▸ **EXERCISE MATERIAL**
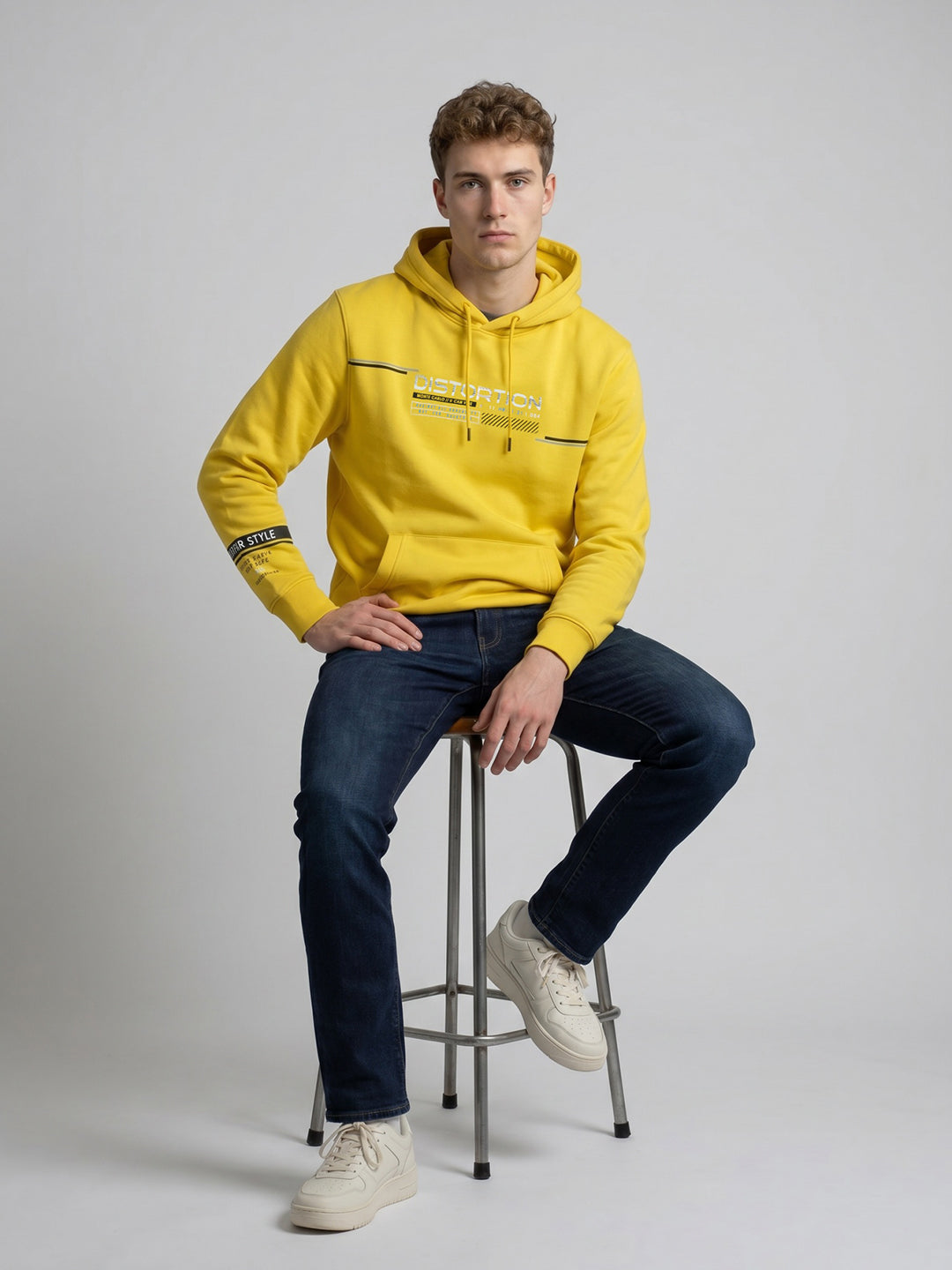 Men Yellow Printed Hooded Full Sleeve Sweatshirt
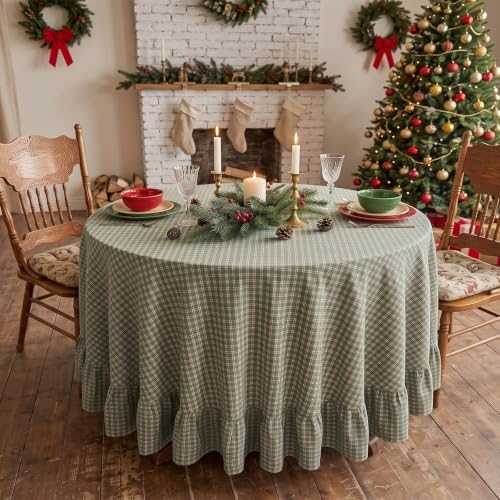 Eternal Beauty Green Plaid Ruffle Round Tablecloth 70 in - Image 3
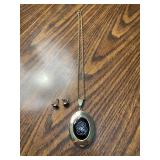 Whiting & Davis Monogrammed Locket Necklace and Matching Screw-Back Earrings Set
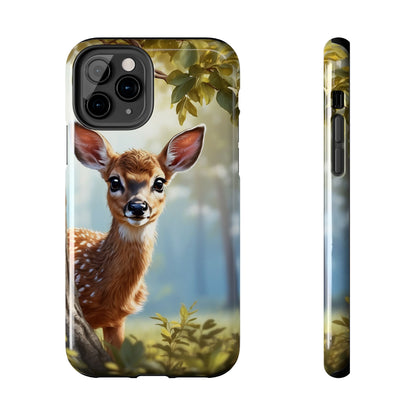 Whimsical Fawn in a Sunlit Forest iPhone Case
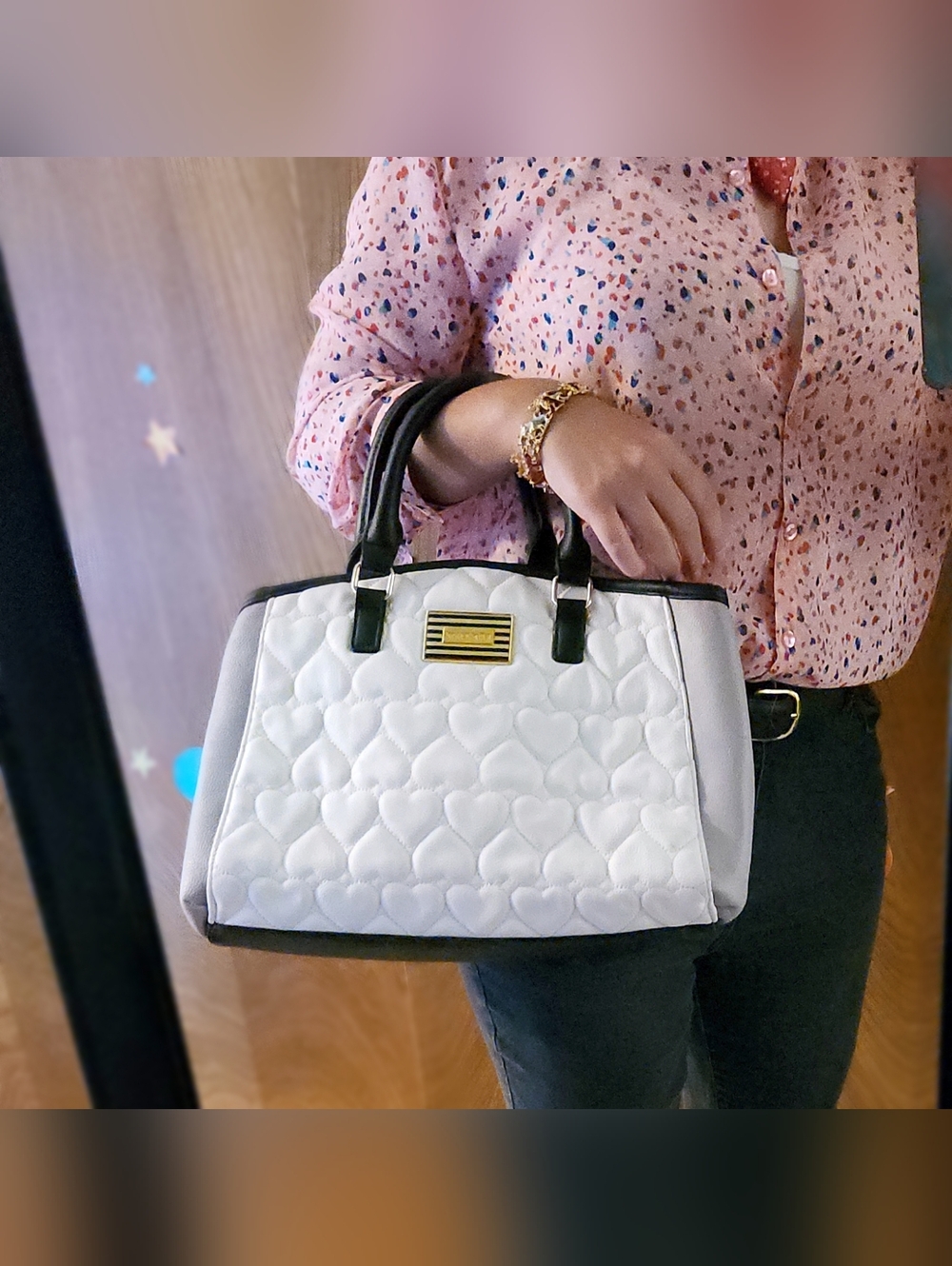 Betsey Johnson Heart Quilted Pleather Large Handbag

...

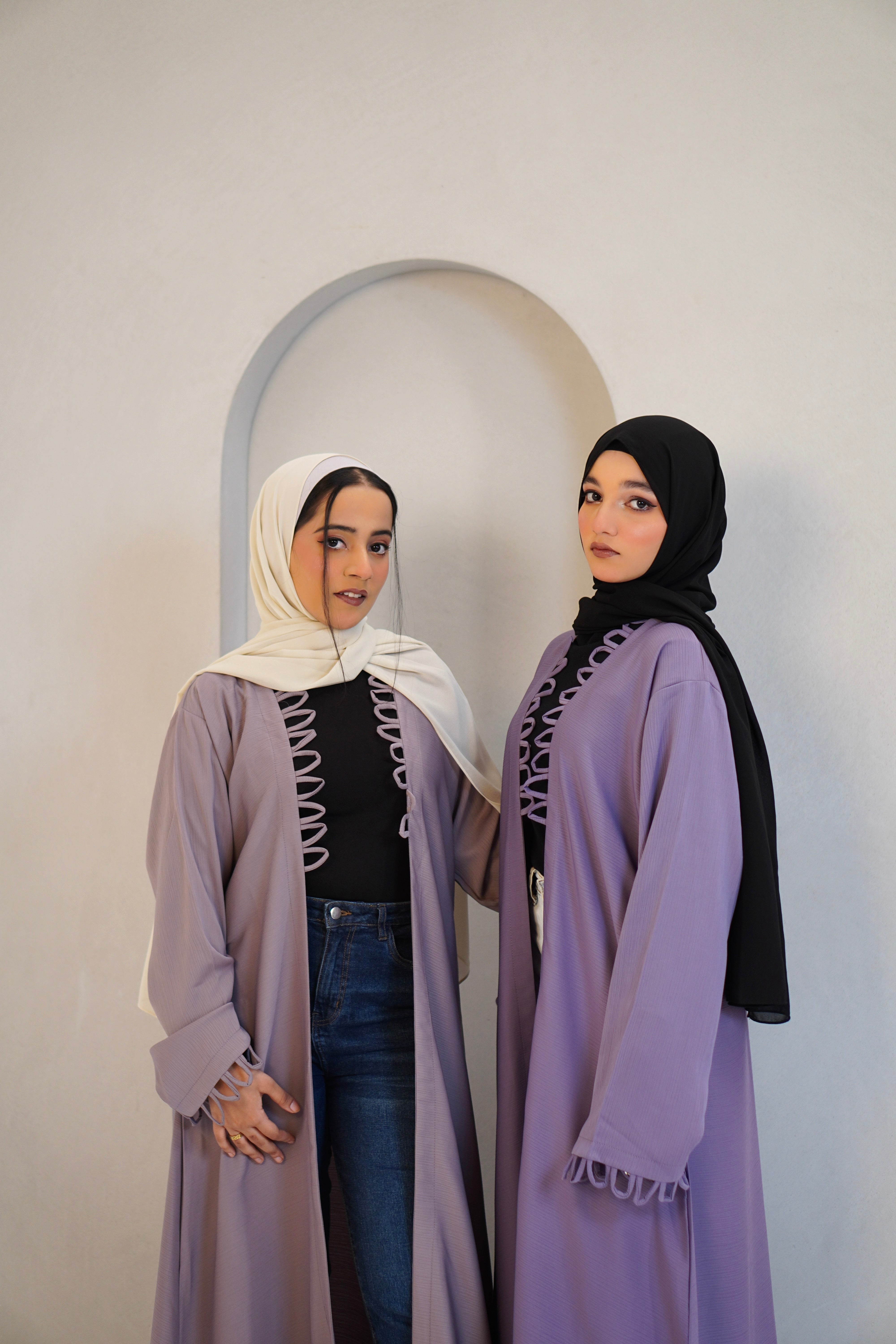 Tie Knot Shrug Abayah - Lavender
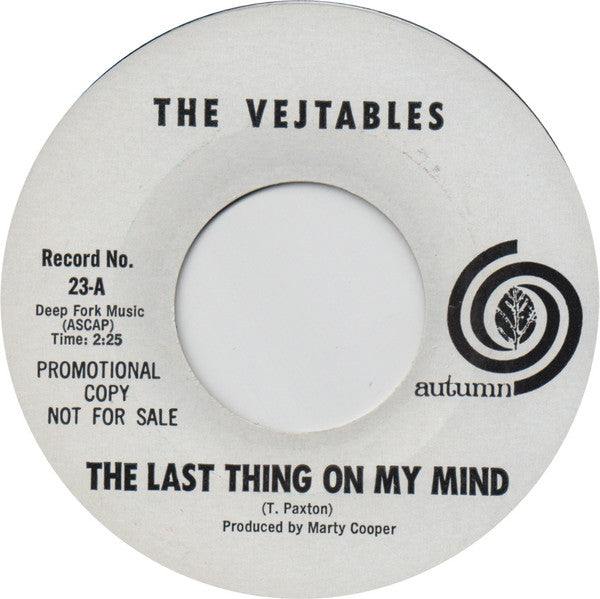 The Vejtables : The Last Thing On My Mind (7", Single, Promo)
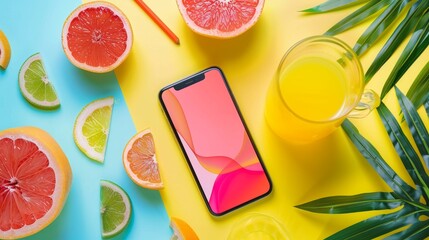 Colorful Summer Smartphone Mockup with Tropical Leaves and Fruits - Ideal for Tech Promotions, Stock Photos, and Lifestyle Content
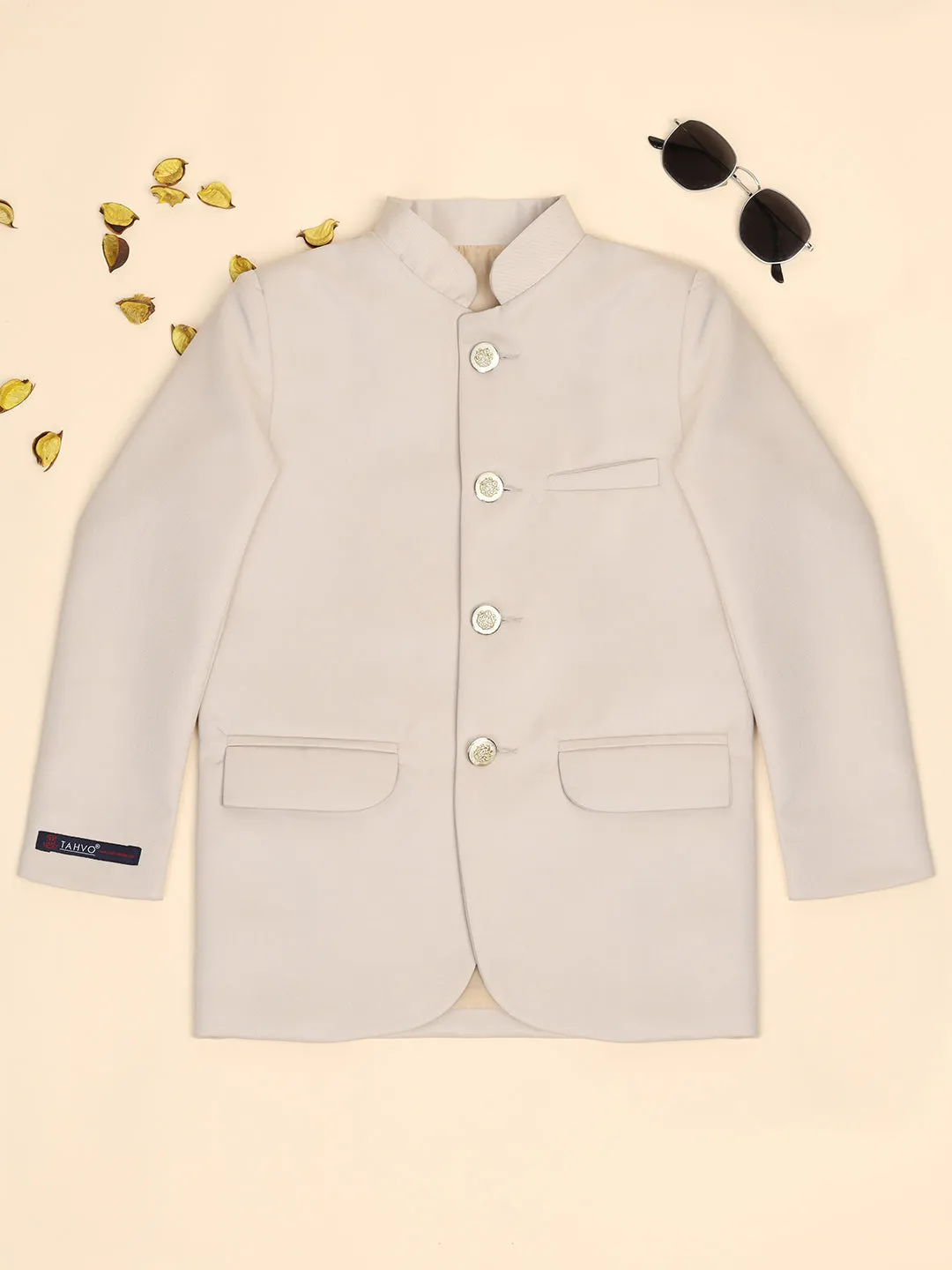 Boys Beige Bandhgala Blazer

▸ **WHAT THE TASK ASKS**
Output exactly the stretch of the listing that begins at the line containing "The Vejtables : The" and ends at the line containing "Boys Beige Bandhgala Blazer", both kept. Omit pictures and everything else.

▸ **TASK RESULT**
 The Vejtables : The Last Thing On My Mind (7", Single, Promo)
 Colorful Summer Smartphone Mockup with Tropical Leaves and Fruits - Ideal for Tech Promotions, Stock Photos, and Lifestyle Content
 Boys Beige Bandhgala Blazer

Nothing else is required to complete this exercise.